Я покачал головой, словно его слова бросали возмутительный вызов логике, а потом поднял трубку и начал набирать Олд-Бруквилл.
Стоматолог заметил:
— Разговоры дольше пяти минут не рекомендуются. Это вредно с точки зрения реабилитации.
Офтальмолог добавил:
— На тебя будет наложен штраф.
— Да неужели? И как, черт их дери, они узнают?
Оба они переглянулись, затем подняли брови и невинно пожали плечами.
Я изобразил на лице улыбку.
— Что ж, прошу меня извинить, но мне нужно сделать пару звонков. Освобожусь примерно через час.
Блондин кивнул и бросил взгляд на часы. Потом они оба вернулись в столовую и снова принялись усиленно выздоравливать.
Через пару секунд Гвинн подняла трубку. Мы тепло поздоровались, и она прошептала:
— Я отправила вам тыщу баксов в носках. Получили уже?
— Пока нет. Наверное, завтра получу. Но это не так важно, Гвинн, я другое хочу сказать — я больше не буду мучить тебя вопросами о Надин. Я знаю, что она дома и что она не хочет со мной говорить. Ничего страшного Ты даже не говори ей, что я звонил. Просто сама бери трубку и зови детей к телефону. Я буду звонить по утрам, около восьми, хорошо?
— Ладненько, — сказала Гвинн. — Надеюсь, вы с миссис Белфорт помиритесь. В доме теперь уж очень тихо сделалось. И очень как-то грустно.
— Я тоже на это надеюсь, Гвинн. Очень надеюсь.
Мы поговорили еще несколько минут, а потом распрощались.
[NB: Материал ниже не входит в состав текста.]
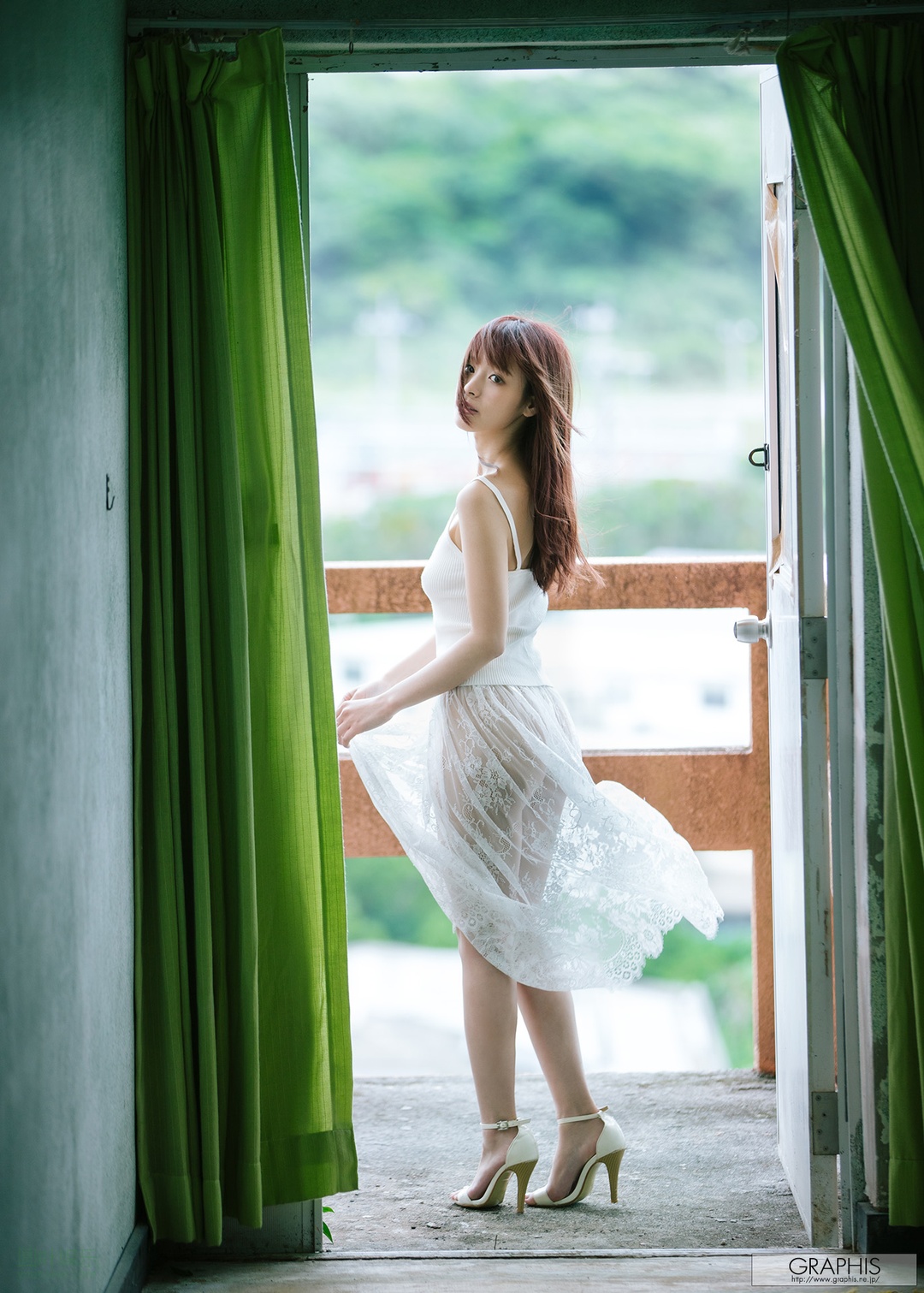 (2017 - 09 - 01) MOMONOGI Kana (桃乃木かな) - In a Dream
Вечером того же дня, чуть раньше девяти, я впервые получил свою персональную дозу безумия местного розлива. В гостиной устроили собрание для всех обитателей коттеджей, на котором нам предстояло поделиться всем негодованием, которое накопилось в нас за день. Это называлось «встречей десятого шага», потому что как-то соотносилось с десятым шагом по системе «Анонимных алкоголиков». Но, взяв в руки книгу и прочитав, что такое десятый шаг — он заключался в постоянном самоанализе и признании собственных ошибок, — я так и не понял, каким образом эта встреча могла к нему относиться.